Collected data:
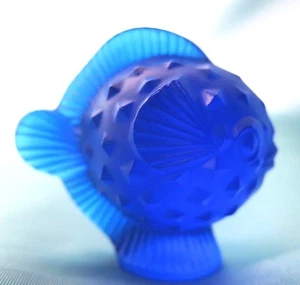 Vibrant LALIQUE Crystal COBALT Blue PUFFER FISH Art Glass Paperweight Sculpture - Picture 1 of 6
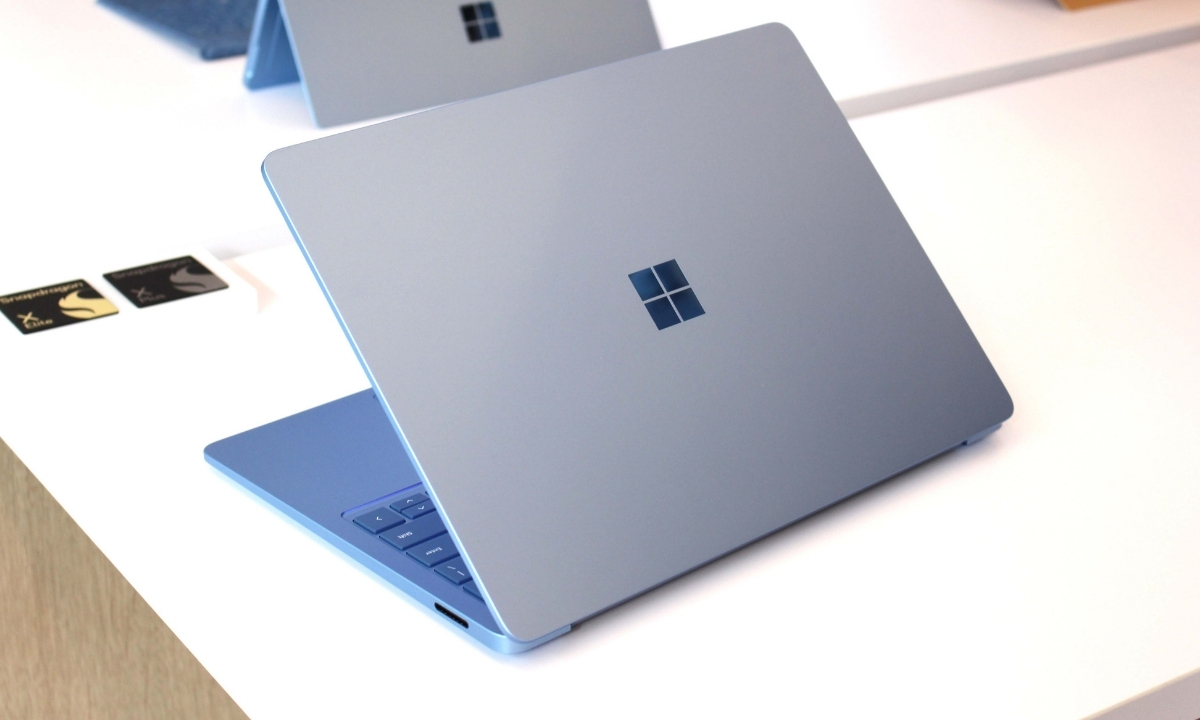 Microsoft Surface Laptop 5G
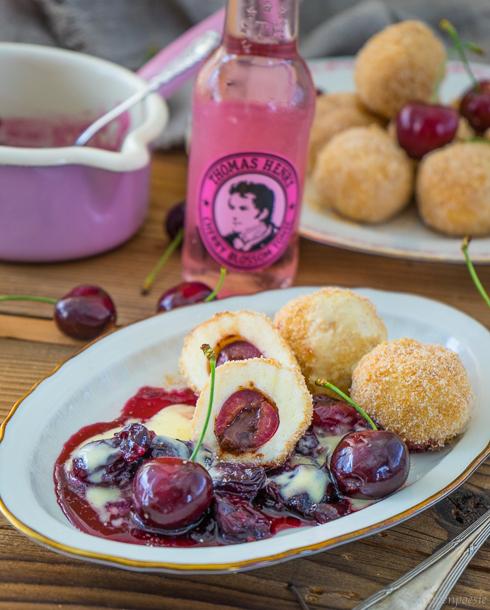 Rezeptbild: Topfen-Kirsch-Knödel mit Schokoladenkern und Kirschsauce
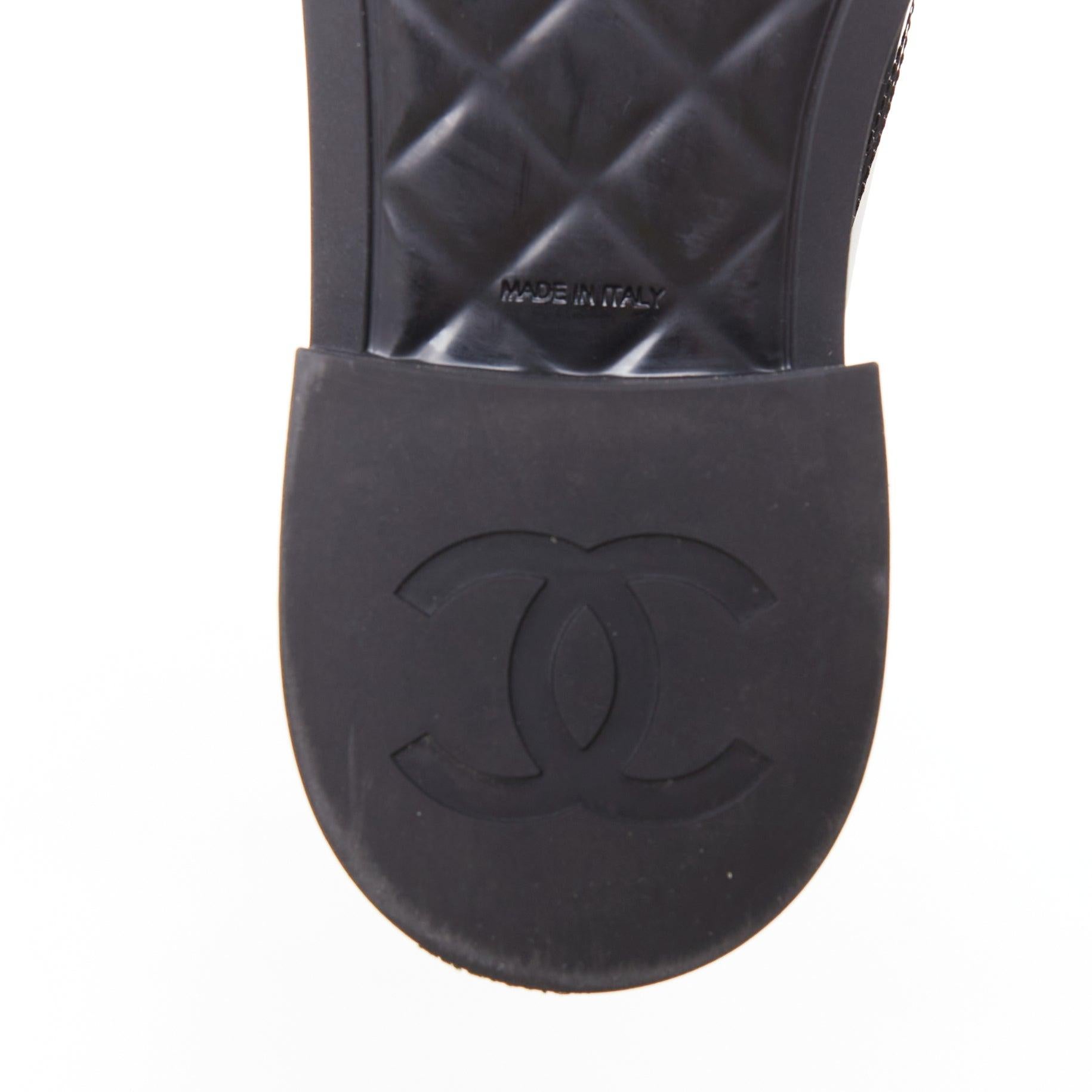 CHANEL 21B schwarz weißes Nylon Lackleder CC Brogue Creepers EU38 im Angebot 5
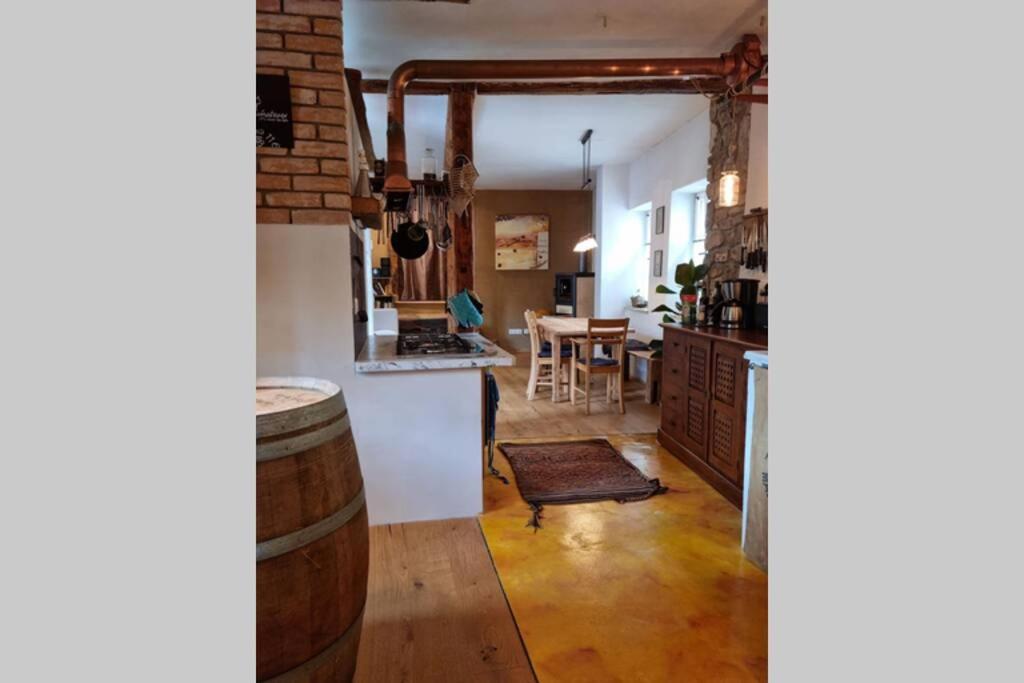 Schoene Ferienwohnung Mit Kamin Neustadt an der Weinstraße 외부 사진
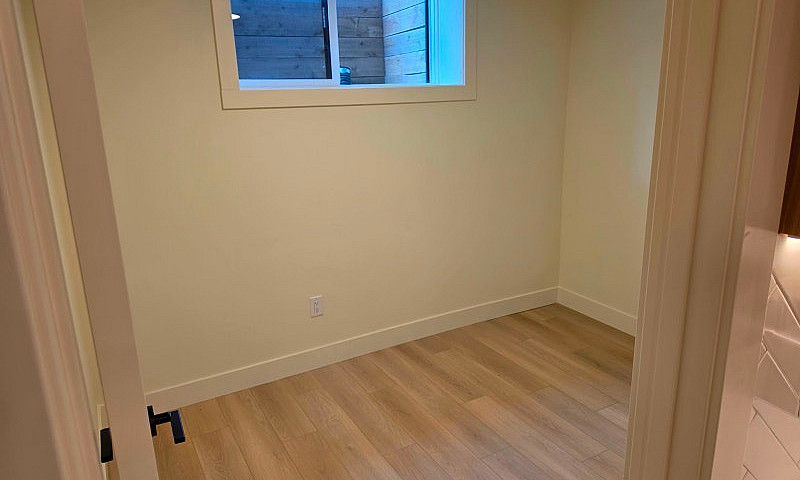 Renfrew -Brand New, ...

* Problem details:
Could you output all the entries above exactly as written, leaving out the pictures?

* Result of the exercise:
 Vibrant LALIQUE Crystal COBALT Blue PUFFER FISH Art Glass Paperweight Sculpture - Picture 1 of 6
 Microsoft Surface Laptop 5G
 Rezeptbild: Topfen-Kirsch-Knödel mit Schokoladenkern und Kirschsauce
 CHANEL 21B schwarz weißes Nylon Lackleder CC Brogue Creepers EU38 im Angebot 5
 Schoene Ferienwohnung Mit Kamin Neustadt an der Weinstraße 외부 사진
 Renfrew -Brand New, ...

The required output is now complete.